Golden Premium Account®° Plans

A Response to Current Trends in Retiree Health Care Costs


By Howard W. Hans, Esq.

Counsel with Roberts & Holland, LLP
Senior Counsel to National Trust Management Services, Inc.

Most retirees will be forced to devote a substantial portion of their retirement assets to pay Medicare Part B premiums, new Medicare Part D prescription drug premiums, health insurance supplements to Medicare (Medigap) and out-of-pocket health care costs. CBS MarketWatch reported on April 29, 2004 a 65 year-old couple retiring in 2004 will pay an estimated $175,000 (after-tax) to cover the projected out-of-pocket medical costs for the next 20 years. Long-term care costs add another $130,000 to this estimate.

The Employee Benefit Research Institute (EBRI) developed a model to estimate the savings an individual will need to fund either employment-based health insurance premiums or Medigap premiums and out-of-pocket expenses under various health care premium inflation assumptions and different life expectancy assumptions. EBRI estimates an individual at age 55 in 2003 with a life expectancy of age 80 with a projected 7% annual rate of increase in premium costs will need to save $158,000 for post-retirement Medigap premiums plus $98,000 for out-of-pocket expenses. Savings needed for premium costs where an individual's life expectancy is 90 years old is $297,000. Assuming a 14% rate of annual increases gradually decreasing to 5% over 10 years yields a savings requirement at 65 of $169,000 and $289,000 for coverage to last until ages 80 and 90 respectively. The model does not take into account long-term care premiums, which will likely double the savings estimates, nor does it calculate the cost of a spouse's coverage.

These brief illustrations demonstrate how an individual will need access to significant savings to ensure the continuation of access to health care services enjoyed by the individual before retirement. Furthermore, that access to savings is being eroded by employers who are reducing post-retirement medical obligations in whatever fashion they can and by other employers who refuse to adopt post-retirement medical programs in the first instance. Moreover, the ability of employers to curtail post-employment medical plan subsidies to post-65 retirees has been formally approved by the Equal Employment Opportunity Commission.

AARP further reinforces and advocates the importance and need for generating savings earmarked for post-retirement health needs. In an address delivered last April, William D. Novelli, AARP's CEO, stressed the need to change the long-held retirement income model of the "three-legged stool" of Social Security, pensions and savings in favor of "four pillars" consisting of Social Security, continued earnings from work, pensions and personal savings, and health insurance.

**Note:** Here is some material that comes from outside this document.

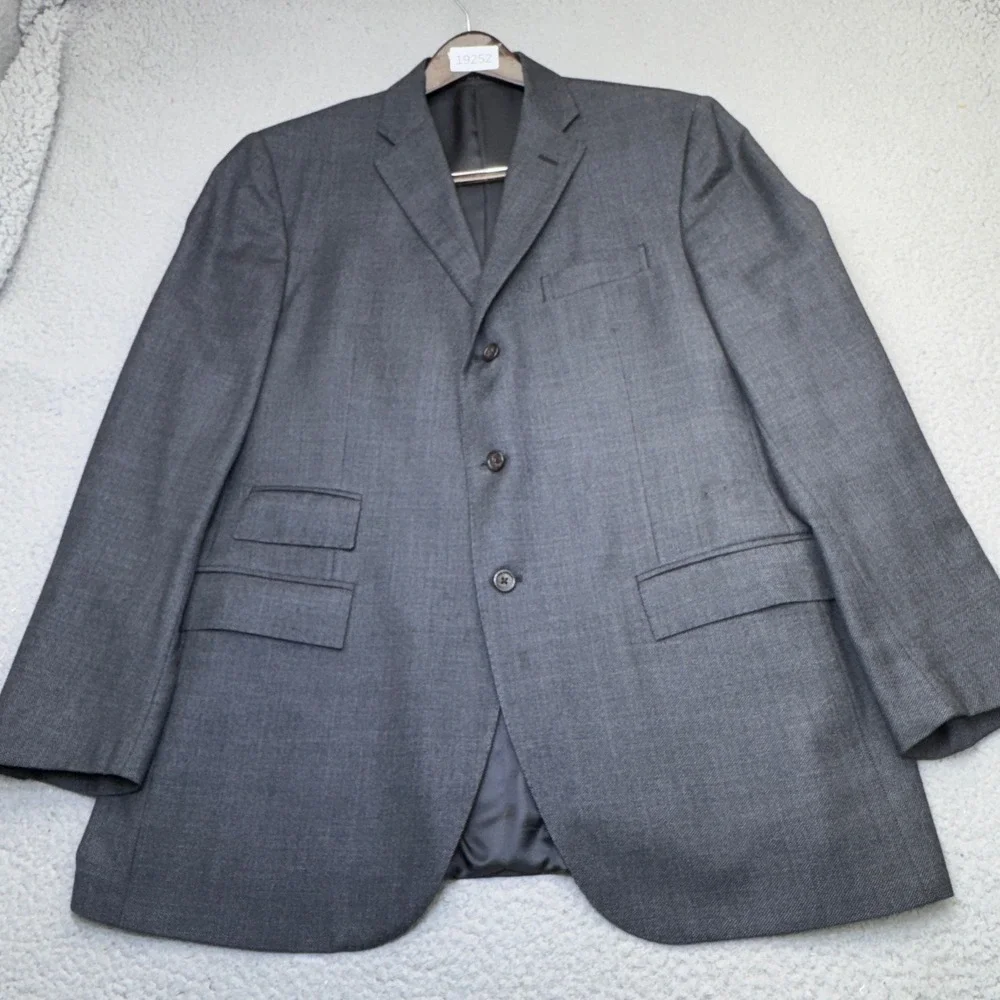 Polo Ralph Lauren Blazer Mens 44R Gray Extrafine Wool Sport Coat Jacket Italy 3B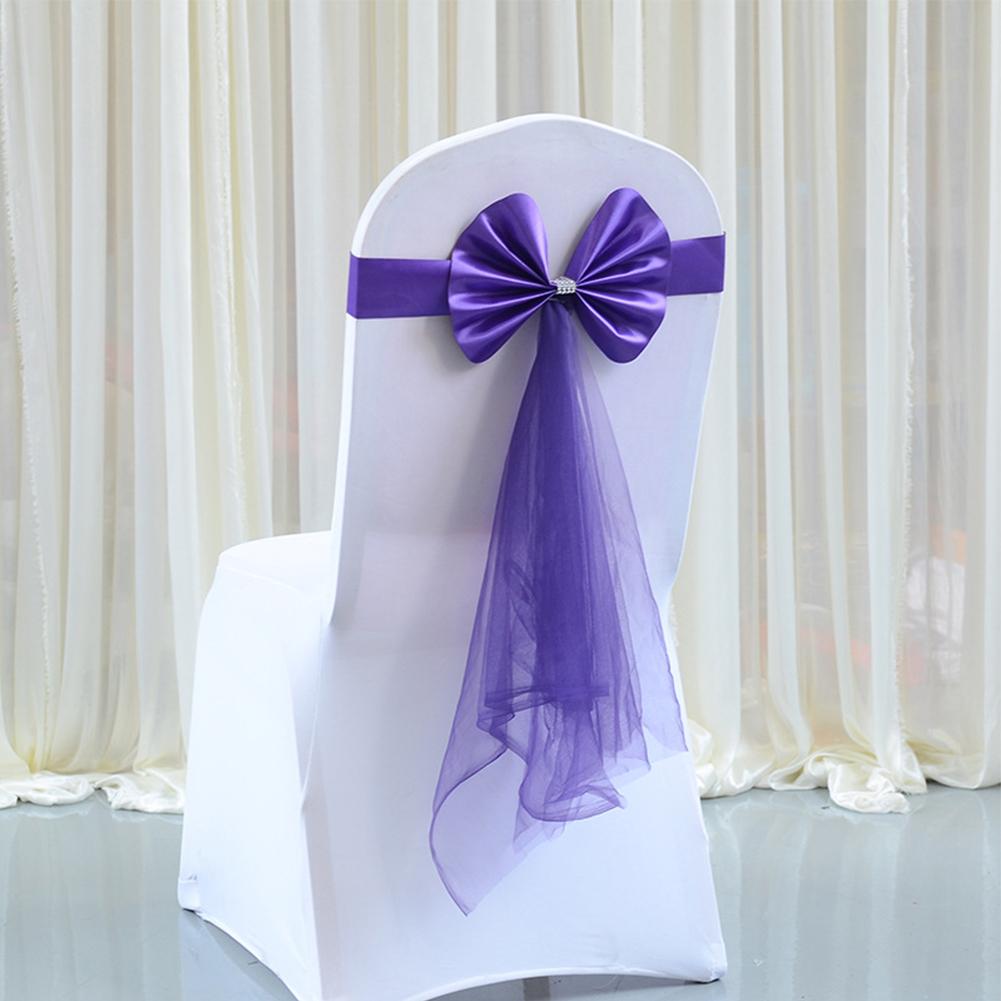 10Pcs Organza Chair Sashes Knot Bands Chair Bows For For Wedding Party Banquet Event Country Wedding Chair Decoration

Some employers have established healthcare reimbursement accounts (HRAs) for executives and employees as a source of funds to pay healthcare costs during retirement. Unlike an open-ended employer promise to provide healthcare coverage for life, an HRA typically is a notional account that allows an employer and employee to track dollars made available to the employee for health benefits during retirement. HRAs are not Health Savings Accounts enacted by the 2003 Medicare reform legislation.

In response to the current crisis in funding retiree healthcare costs, the Golden Premium Account® Plan has been developed as a special purpose HRA program for executives and other key employees. The accounts in the Golden Premium Account® Plan are earmarked for health and/or long-term care insurance needs and are delivered to the executive free of income and payroll taxes while the employer gets a deduction for its contribution to the plan.

A Golden Premium Account® is designed to fall under ERISA's anti-alienation protection. However, the minimum participation, funding and vesting requirements of ERISA or the Internal Revenue Code do not apply. As a result of the lack of ERISA and IRS requirements, the employer is able to custom-tailor a program to meet the employer's needs and the individual needs of its executives. The scope of the employee population that may receive a Golden Premium Account® is neither subject to a minimum nor a maximum amount as the plan is not subject to "top-hat" deferred compensation restrictions, leaving the employer with the widest latitude to manage its own liabilities while rewarding and motivating older employees at levels it sees fit.

A properly designed Golden Premium Account® Plan serves as an integral component of an executive's overall deferred compensation strategy by maximizing the amount of tax-free dollars that will be available to him to meet critical retirement expenses.